[[ Provided data open ]]
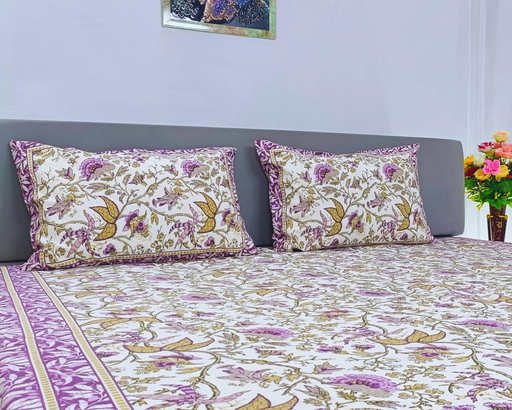 Buy Now Multicolor Floral Print Cotton Bedsheet With Pillow Cover Set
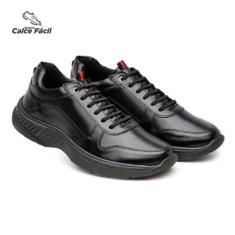 Tenis sapatênis sneaker masculino preto sola preta-Masculino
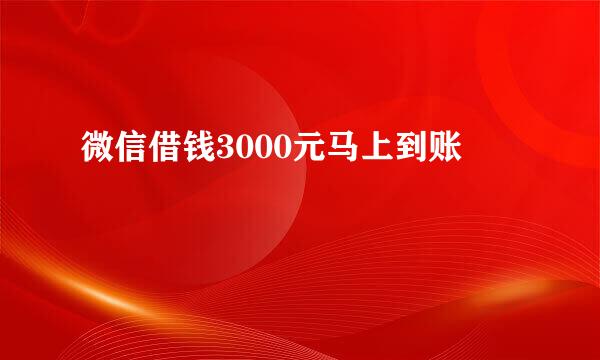 微信借钱3000元马上到账
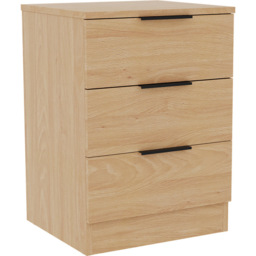 VIDA DESIGNS Terga 3 Drawer Pine Bedside Cabinet - Wilko - thumbnail 3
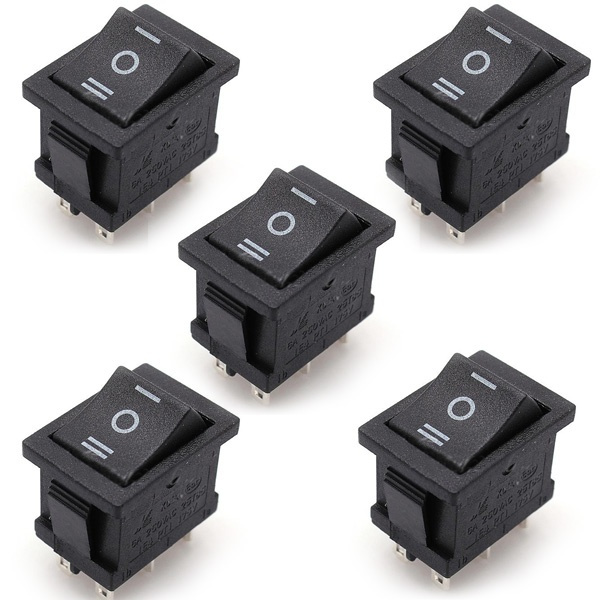 Interruttore A Bilanciere Momentaneo DPDT Illuminato Rosso - 6 Pin, 22x30 Mm, Per Pannelli E Applicazioni Elettriche
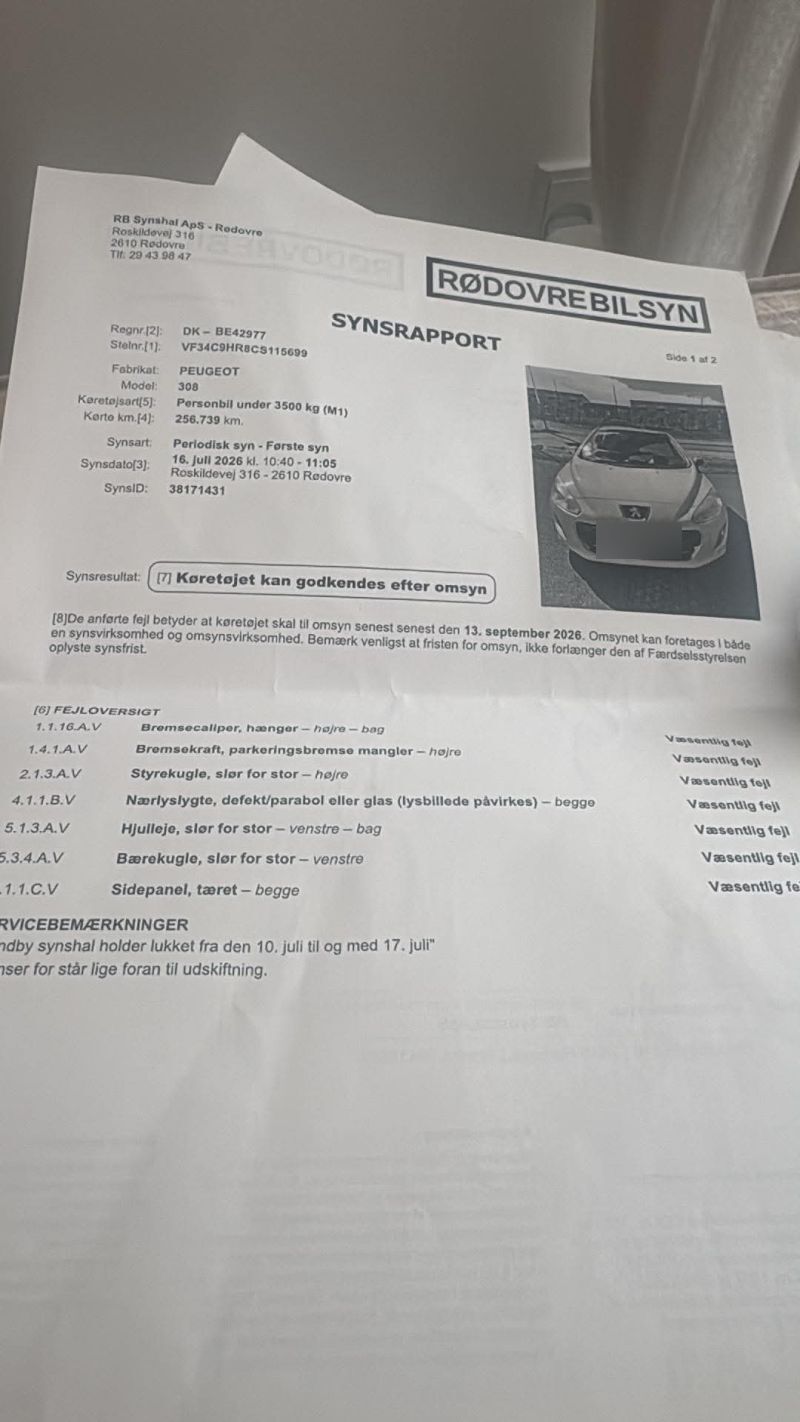 PEUGEOT, 308, 1,6 EHDI 112HK 5.D Skrotbil skrotpræmie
[[ Provided data closed ]]
Only an exact copy is needed: the lines from the opening of the listing through the line with "VIDA DESIGNS Terga", both included, minus the pictures.

 Buy Now Multicolor Floral Print Cotton Bedsheet With Pillow Cover Set
 Tenis sapatênis sneaker masculino preto sola preta-Masculino
 微信借钱3000元马上到账
 VIDA DESIGNS Terga 3 Drawer Pine Bedside Cabinet - Wilko - thumbnail 3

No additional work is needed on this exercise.